In other words, if… if you have an indictment that’s really the indictment of the prosecutor… take a situation that doesn’t involve 6(e), but like Gaither.

Byron R. White:

Well, isn’t it just… but isn’t it kind of speculative to know whether this… whether this violation really had a… actually had an effect on the grand jury?

Richard James Braun:

I… I think that sometimes that’s going to be true.

I think sometimes it’s going to be very, very difficult for the defense to prove that there was a… that the violation had an impact on the–

Byron R. White:

Well, you say… I gather your position is you don’t have to prove anything.

You just have to prove the violation.

Richard James Braun:

–No, I think–

And the show is over.

Richard James Braun:

–No.

I… I think there’s an obligation to show prejudice and show an impact on the charging decision.

William H. Rehnquist:

But under… under our holding in Mechanik, if… if your claim is simply that… that the jury indicted without… when it shouldn’t have because there was no probable cause, that’s merged into the verdict of the jury to… to convict.

I thought your secrecy claim under Rule 6(e) was perhaps somewhat different than Mechanik because you might show some sort of prejudice to the defendant in standing trial.

But you don’t rest on that, do you?

Richard James Braun:

No, not on that standing alone.

I think that if… if the violation impacts on the charging decision, that cannot be deemed harmless.

I think the defendant is entitled not to be held to answer.

William H. Rehnquist:

How would you differentiate this case from Mechanik then?

Richard James Braun:

On… on the basis that this was raised pretrial and Mechanik was not raised until mid-trial.

William H. Rehnquist:

But in each case the… the jury did return a verdict of guilty, didn’t it?

Your case hasn’t been tried yet?

Richard James Braun:

That’s… that’s correct, Your Honor, so that the right at issue in our case is the right not to have to stand trial at all where Mechanik had already stood trial.

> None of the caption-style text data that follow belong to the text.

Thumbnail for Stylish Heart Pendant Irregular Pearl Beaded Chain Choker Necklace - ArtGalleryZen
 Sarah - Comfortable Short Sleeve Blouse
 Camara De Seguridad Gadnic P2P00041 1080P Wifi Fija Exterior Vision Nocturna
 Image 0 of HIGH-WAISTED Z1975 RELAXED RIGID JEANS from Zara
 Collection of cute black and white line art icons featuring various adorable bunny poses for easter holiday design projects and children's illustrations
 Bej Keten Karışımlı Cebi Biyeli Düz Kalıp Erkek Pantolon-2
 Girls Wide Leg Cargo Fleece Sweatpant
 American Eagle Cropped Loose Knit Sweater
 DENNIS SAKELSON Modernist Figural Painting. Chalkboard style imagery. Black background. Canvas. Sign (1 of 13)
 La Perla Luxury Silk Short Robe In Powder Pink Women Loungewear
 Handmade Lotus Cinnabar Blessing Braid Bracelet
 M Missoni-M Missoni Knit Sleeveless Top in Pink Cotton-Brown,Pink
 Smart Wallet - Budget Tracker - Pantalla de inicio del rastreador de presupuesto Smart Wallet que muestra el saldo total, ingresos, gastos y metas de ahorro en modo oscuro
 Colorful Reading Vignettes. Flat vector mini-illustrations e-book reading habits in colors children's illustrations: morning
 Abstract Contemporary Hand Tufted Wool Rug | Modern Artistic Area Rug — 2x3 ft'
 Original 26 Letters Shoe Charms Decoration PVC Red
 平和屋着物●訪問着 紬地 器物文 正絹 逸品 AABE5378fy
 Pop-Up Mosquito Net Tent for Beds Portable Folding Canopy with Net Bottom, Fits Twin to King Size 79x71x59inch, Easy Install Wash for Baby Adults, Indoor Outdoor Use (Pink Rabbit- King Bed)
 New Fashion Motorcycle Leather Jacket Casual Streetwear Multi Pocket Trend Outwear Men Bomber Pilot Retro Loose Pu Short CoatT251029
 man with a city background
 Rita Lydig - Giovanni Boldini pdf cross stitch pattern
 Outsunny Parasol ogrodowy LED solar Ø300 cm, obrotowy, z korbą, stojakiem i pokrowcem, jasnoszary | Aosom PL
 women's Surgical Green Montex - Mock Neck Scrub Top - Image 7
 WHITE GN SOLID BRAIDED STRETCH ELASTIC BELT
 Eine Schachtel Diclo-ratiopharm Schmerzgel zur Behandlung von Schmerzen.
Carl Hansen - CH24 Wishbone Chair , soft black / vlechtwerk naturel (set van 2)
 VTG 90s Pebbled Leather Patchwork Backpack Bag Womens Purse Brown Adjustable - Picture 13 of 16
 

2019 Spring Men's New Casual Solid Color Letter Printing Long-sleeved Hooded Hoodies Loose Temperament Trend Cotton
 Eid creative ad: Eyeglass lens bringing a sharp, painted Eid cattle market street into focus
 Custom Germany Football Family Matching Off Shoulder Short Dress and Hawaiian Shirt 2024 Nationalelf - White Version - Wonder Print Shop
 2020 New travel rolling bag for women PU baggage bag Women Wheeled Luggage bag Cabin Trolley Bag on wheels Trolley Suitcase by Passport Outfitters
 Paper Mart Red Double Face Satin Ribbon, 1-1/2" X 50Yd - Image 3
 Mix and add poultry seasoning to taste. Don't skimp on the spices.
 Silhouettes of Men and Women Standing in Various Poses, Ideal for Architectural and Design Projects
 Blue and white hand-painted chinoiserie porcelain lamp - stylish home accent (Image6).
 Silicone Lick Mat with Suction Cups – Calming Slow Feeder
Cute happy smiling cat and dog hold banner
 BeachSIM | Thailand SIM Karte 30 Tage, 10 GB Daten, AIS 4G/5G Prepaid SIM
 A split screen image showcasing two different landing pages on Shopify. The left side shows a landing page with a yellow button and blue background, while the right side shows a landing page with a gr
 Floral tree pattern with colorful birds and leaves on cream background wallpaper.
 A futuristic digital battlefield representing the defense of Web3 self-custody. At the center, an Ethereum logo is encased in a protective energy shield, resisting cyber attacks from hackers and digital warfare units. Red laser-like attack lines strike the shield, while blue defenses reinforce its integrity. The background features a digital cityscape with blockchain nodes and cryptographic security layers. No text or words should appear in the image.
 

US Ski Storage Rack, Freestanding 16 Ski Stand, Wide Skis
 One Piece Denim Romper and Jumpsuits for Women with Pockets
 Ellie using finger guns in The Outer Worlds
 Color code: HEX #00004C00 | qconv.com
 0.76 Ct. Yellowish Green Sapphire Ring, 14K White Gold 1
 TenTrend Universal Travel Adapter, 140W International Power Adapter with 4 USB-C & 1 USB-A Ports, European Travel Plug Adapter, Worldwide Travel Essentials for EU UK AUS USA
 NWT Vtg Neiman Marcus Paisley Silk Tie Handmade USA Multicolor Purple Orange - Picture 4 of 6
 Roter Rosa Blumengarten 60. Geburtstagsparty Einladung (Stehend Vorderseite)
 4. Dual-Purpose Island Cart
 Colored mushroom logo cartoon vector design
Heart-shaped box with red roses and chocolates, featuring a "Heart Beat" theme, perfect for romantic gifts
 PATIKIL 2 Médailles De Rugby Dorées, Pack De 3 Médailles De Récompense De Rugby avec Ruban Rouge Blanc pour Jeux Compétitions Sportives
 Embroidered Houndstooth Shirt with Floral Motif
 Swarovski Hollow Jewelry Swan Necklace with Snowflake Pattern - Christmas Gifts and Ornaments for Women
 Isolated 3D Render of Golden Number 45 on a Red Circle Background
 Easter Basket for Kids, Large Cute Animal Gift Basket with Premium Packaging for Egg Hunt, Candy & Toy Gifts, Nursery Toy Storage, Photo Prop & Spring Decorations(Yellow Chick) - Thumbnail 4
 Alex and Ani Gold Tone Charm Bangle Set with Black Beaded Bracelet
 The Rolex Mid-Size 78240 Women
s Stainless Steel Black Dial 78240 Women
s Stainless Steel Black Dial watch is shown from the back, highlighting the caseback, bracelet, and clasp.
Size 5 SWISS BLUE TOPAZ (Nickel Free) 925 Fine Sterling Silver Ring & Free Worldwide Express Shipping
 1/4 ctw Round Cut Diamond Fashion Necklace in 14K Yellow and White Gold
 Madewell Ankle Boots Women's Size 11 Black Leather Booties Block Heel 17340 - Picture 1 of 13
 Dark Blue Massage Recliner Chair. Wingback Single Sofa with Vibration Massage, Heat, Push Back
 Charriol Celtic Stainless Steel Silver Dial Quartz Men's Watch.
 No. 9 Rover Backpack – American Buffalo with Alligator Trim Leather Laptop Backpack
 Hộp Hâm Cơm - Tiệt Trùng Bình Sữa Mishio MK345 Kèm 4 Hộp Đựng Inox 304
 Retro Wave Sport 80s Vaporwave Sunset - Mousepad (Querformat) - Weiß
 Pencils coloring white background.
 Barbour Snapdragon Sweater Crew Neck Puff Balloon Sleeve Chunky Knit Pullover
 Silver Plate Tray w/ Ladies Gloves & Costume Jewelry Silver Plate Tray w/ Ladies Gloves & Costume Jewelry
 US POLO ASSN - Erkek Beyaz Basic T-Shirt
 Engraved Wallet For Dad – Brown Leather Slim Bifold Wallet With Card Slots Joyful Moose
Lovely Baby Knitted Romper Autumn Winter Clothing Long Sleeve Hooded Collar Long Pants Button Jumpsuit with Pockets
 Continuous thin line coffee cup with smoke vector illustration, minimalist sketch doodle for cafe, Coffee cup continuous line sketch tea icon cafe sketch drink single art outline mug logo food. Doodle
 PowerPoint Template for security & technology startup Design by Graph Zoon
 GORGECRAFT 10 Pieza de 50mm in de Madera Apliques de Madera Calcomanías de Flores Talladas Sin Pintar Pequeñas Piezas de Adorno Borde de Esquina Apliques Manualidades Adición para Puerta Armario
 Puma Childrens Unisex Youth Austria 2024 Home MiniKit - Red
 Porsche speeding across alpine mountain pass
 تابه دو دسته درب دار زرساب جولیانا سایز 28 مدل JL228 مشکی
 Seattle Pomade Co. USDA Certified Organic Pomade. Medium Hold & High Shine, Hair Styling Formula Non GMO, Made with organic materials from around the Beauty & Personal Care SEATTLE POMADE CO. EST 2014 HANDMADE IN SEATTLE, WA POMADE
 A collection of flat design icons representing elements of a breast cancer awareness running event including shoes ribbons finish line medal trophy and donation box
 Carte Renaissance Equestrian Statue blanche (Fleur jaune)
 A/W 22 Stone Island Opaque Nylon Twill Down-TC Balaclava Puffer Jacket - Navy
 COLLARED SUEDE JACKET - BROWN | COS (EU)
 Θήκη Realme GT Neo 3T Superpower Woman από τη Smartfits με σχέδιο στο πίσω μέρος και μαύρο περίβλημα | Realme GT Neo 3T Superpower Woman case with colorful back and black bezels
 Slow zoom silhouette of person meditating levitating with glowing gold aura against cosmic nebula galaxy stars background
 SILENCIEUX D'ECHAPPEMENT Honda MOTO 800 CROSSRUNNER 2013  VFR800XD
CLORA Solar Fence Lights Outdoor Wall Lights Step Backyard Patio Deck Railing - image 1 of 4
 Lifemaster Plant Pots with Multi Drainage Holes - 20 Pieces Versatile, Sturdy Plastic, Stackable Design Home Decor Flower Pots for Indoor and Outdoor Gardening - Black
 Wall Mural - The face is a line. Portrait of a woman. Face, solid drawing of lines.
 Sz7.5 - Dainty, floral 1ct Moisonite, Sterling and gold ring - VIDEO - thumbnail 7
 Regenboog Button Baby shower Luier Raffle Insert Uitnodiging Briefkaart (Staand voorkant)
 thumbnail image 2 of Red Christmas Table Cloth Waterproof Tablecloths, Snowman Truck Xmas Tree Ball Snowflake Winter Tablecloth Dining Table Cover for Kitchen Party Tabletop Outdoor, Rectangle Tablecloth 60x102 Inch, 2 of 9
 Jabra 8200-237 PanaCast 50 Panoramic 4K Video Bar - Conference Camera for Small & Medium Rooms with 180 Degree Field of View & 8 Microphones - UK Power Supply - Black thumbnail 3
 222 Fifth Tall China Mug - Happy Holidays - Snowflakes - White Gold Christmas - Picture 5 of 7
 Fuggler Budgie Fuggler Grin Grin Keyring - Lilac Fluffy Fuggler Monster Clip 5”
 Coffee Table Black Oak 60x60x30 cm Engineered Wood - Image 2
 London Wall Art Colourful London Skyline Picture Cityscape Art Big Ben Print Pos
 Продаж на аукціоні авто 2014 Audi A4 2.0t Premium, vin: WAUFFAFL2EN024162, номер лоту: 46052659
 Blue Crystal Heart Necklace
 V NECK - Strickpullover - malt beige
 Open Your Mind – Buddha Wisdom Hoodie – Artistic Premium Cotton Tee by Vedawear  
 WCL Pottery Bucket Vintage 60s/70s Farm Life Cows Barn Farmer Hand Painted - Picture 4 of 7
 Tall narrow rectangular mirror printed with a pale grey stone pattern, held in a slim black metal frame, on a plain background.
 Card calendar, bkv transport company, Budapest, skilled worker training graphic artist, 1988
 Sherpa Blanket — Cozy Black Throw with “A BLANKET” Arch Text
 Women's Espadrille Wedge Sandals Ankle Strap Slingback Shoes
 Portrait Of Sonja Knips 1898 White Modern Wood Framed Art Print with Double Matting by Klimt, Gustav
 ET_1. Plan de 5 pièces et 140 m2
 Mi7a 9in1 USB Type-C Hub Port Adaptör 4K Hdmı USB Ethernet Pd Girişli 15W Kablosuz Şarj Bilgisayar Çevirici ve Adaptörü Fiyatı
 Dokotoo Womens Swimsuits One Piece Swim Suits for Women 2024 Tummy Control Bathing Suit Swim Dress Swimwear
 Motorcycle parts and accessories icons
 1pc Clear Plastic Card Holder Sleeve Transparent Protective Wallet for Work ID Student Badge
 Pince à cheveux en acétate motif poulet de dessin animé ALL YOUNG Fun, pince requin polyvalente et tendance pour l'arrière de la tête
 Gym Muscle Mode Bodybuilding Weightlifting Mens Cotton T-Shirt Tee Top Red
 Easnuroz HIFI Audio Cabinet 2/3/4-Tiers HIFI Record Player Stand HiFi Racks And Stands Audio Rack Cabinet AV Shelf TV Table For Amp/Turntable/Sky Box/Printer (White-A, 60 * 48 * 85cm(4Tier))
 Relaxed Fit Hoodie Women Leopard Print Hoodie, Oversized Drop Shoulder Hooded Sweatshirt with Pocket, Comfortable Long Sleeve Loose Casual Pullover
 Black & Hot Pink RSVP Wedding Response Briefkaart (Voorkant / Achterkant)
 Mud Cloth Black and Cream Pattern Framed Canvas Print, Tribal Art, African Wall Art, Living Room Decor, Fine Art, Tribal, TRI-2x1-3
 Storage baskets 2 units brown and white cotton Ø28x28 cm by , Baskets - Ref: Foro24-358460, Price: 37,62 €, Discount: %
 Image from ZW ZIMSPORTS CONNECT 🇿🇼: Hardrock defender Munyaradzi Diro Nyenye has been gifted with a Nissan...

And this Court observed in its opinion that the moving finger read and having read, moves on.

Antonin Scalia:

Yes, but you’re… but you’re still contending that even if you went to trial and were convicted, you would still be able to get your conviction overturned.

So, you are saying that this is somehow a different situation from Mechanik.

Richard James Braun:

Yes.

I think this case is governed by Nova Scotia, not Mechanik–

Antonin Scalia:

Why… why is… why is it that in Mechanik you couldn’t get the conviction set aside, but you could get it set aside here?

In both cases, there’s… there’s a… an invalid grand jury indictment.

Why… why should it be not set-asideable in Mechanik but set-asideable here… the conviction?

Richard James Braun:

–There’s an invalid indictment only if there’s prejudice.

There was no prejudice in… the Court found no prejudice in Mechanik.

And if I may reserve–

William H. Rehnquist:

Well, it wasn’t on the facts of the peculiar case in Mechanik, but the idea in Mechanik, as I understood it, was that when a jury convicts, there… any prejudice from the poorly drawn or bad conclusion about probable cause is merged because the jury has found… the petit jury has found that you’re guilty beyond a reasonable doubt.

Richard James Braun:

–And I think that to the extent that the Nova… I think Nova Scotia changes that rule.

William H. Rehnquist:

Well, Nova Scotia certainly didn’t say that it changed it.

Richard James Braun:

Yes, it… it did.

In the last paragraph it said that the… that what had to be reviewed was the impact on the grand jury’s charging decision and that it could never be deemed harmless.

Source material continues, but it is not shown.